WHAT THE TASK ASKS — An exact copy of the listing is required, with its pictures removed.

COLLECTED MATERIAL —
[Start of Attachment]

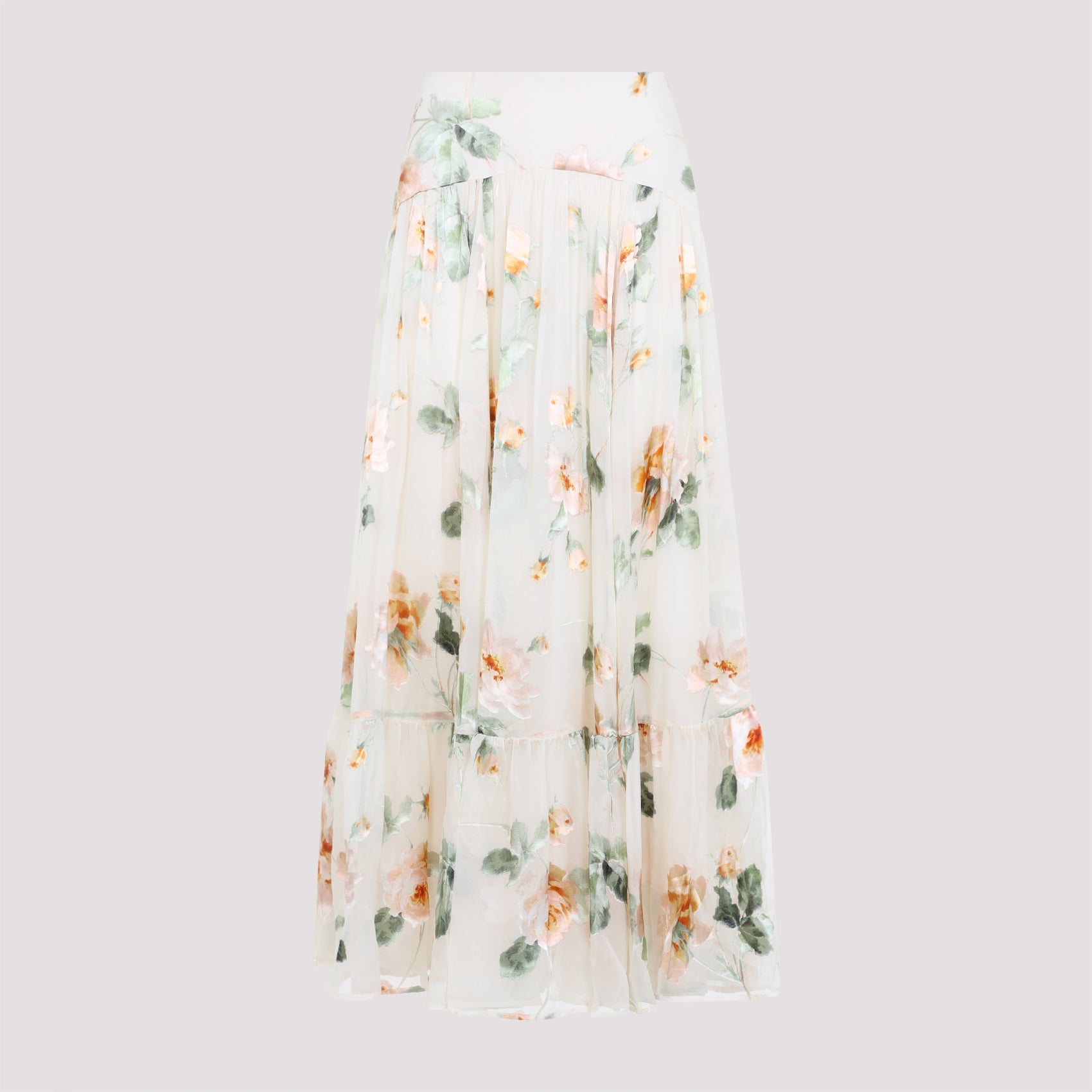 Zimmermann Carousel Burnout Midi Skirt Viscose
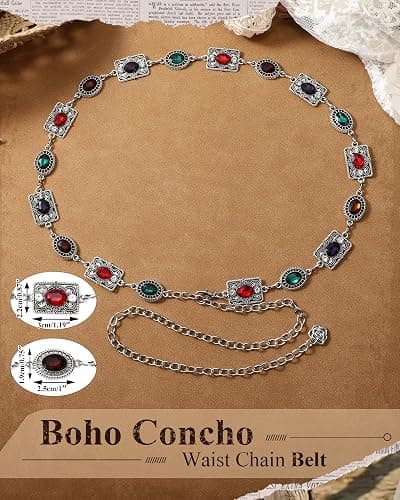 JKEEMI Women Western Concho Chain Belt Vintage Rhinestone Gems Boho Metal Waist Chain Jeans Dress Daily Concert Halloween thumbnail 3
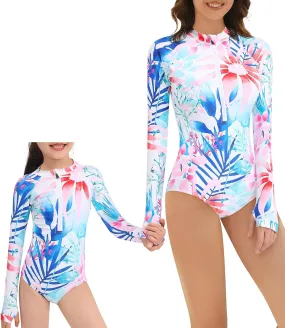 Women and Girls Matching Swimsuit: Long Sleeve One Piece Rash Guard Bathing Suit UPF 50  (Please Order Separately)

[End of Attachment]

ANSWER TO THIS TASK —
 Zimmermann Carousel Burnout Midi Skirt Viscose
 JKEEMI Women Western Concho Chain Belt Vintage Rhinestone Gems Boho Metal Waist Chain Jeans Dress Daily Concert Halloween thumbnail 3
 Women and Girls Matching Swimsuit: Long Sleeve One Piece Rash Guard Bathing Suit UPF 50  (Please Order Separately)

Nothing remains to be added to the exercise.